CMS' outpatient payment final rule comes three months after the agency finalized a 2.9% pay increase for inpatient hospital payments in 2025. 

The 2.9% pay bump is a marginal increase from the 2.6% increase CMS initially proposed in April, but the AHA argues the "inadequate" payment update does little to help the inpatient hospital sector when 40% of hospitals are still losing money. 

"CMS' payment updates for hospitals will exacerbate the already unsustainable negative or breakeven margins many hospitals are already operating under as they care for their patients," Molly Smith, AHA group vice president for public policy, said in a statement. "The AHA is deeply concerned about the impact these inadequate payments will have on patient access to care, especially in rural and underserved communities."

Chip Kahn, president and CEO of the Federation of American Hospitals, said the organization has raised concerns that CMS hospital payment updates have failed to reflect inflation and the costs of hospital care that remain high. 

"Frankly, these inadequate payment updates and CMS' real Medicare DSH cuts for the most vulnerable leave hospitals struggling to meet patient needs," Mr. Kahn said. "To add insult to injury, [the] final rule makes this problem worse with an unnecessary Center for Medicare and Medicaid Innovation TEAM demonstration that would impose a mandatory payment model on hundreds of hospitals across the country. This demonstrates excessive burden on hospitals will reduce seniors' access to elective services and force hospitals serving the country's most vulnerable patients to take on additional financial risk."

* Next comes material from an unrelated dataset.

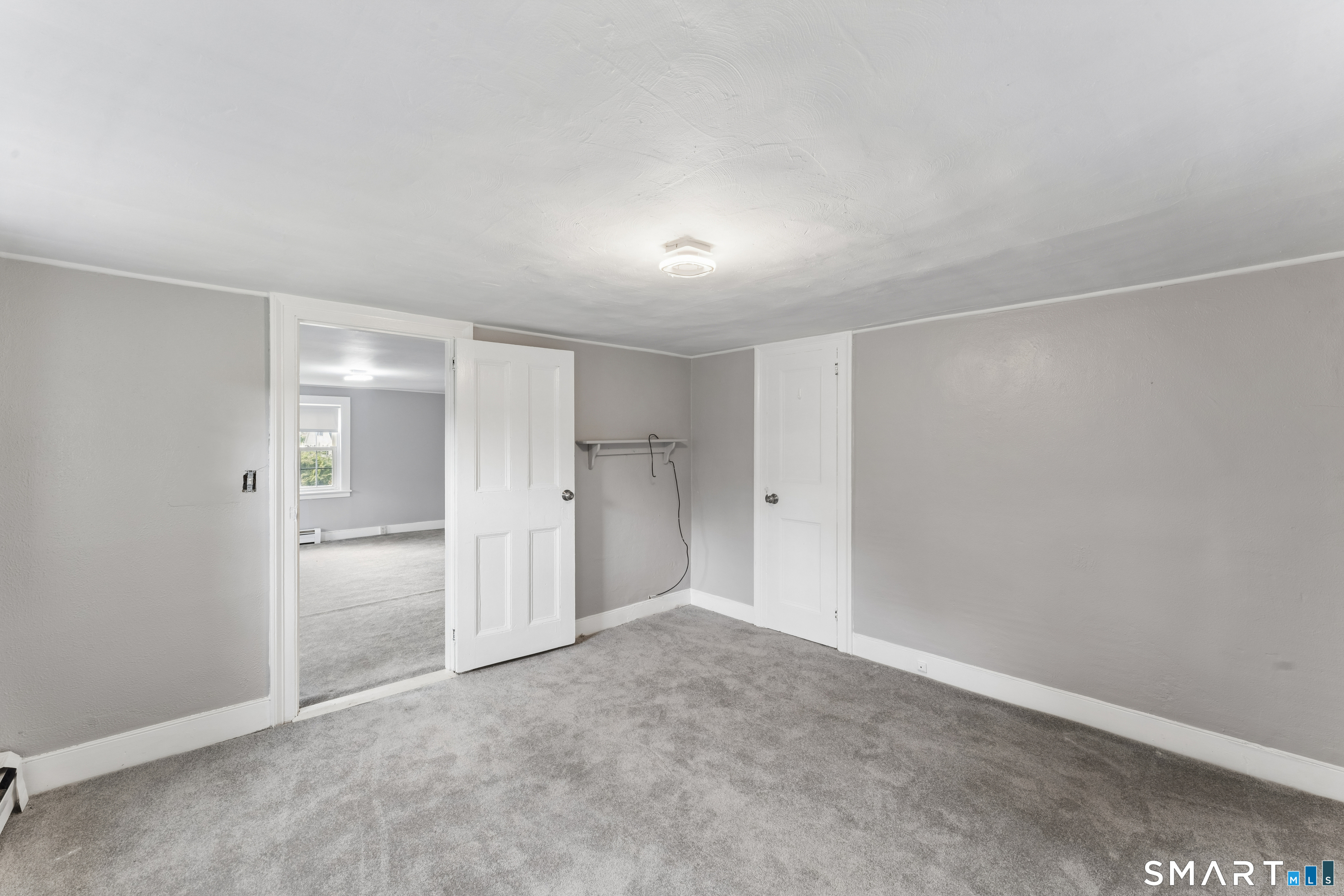 76 Rockville Road photo 22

The AHA and FAH have also objected to two senators' policy framework that details a plan to impose site-neutral payments on hospitals.

A site-neutral payment policy would mean that payment for a healthcare service provided to a patient would be the same regardless of the setting in which the service occurs. Proponents of the policy see it as a way to reduce healthcare costs for patients and for taxpayers through Medicare, but they would result in large pay cuts to hospitals and health systems. 

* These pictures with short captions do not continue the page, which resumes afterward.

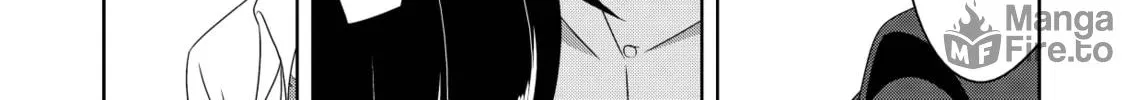 Devil Chi Chapter 21 page 20 - 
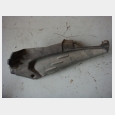 TAPA CENTRAL DERECHA APRILIA SR 50 D-TECH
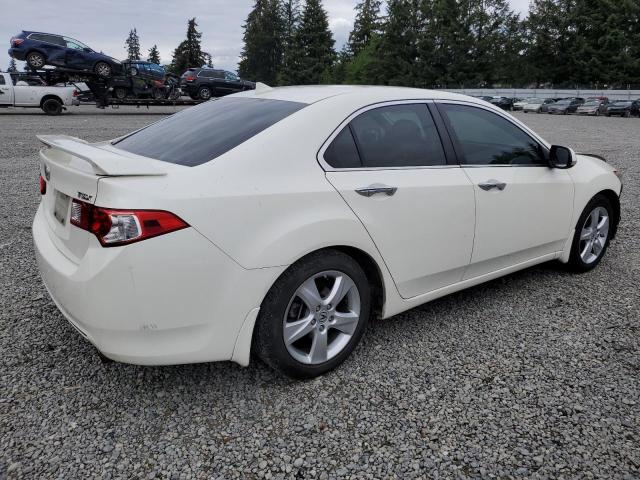 Photo 2 VIN: JH4CU2F61AC037324 - ACURA TSX 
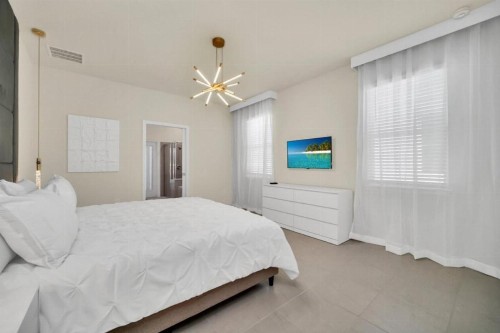 Best Value Home Retreat - image 47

Hospitals argue that their higher prices stem from the larger overhead costs they incur compared to other providers, such as emergency services and 24-hour access, regulatory compliance, and supply and labor costs.

The latest framework, introduced by U.S. Sens. Bill Cassidy, MD, R-La., and Maggie Hassan D-N.H., on Nov. 1, claims that the policy would reduce healthcare costs for patients, improve the financial stability of Medicare, reduce provider consolidation and help rural hospitals serving high-need communities.

However, the AHA argues that this framework would limit or eliminate critical hospital-based care, resulting in increased wait times and decreased access to care.

"It is irresponsible to think that clawing back up to $140 billion of Medicare spending for seniors won't destabilize access to care," AHA Executive Vice President Stacey Hughes said in a statement. "Rather than addressing the root causes driving physician acquisitions, this instead proposes dramatic and untenable Medicare cuts, reducing seniors' access to critical hospital-based care.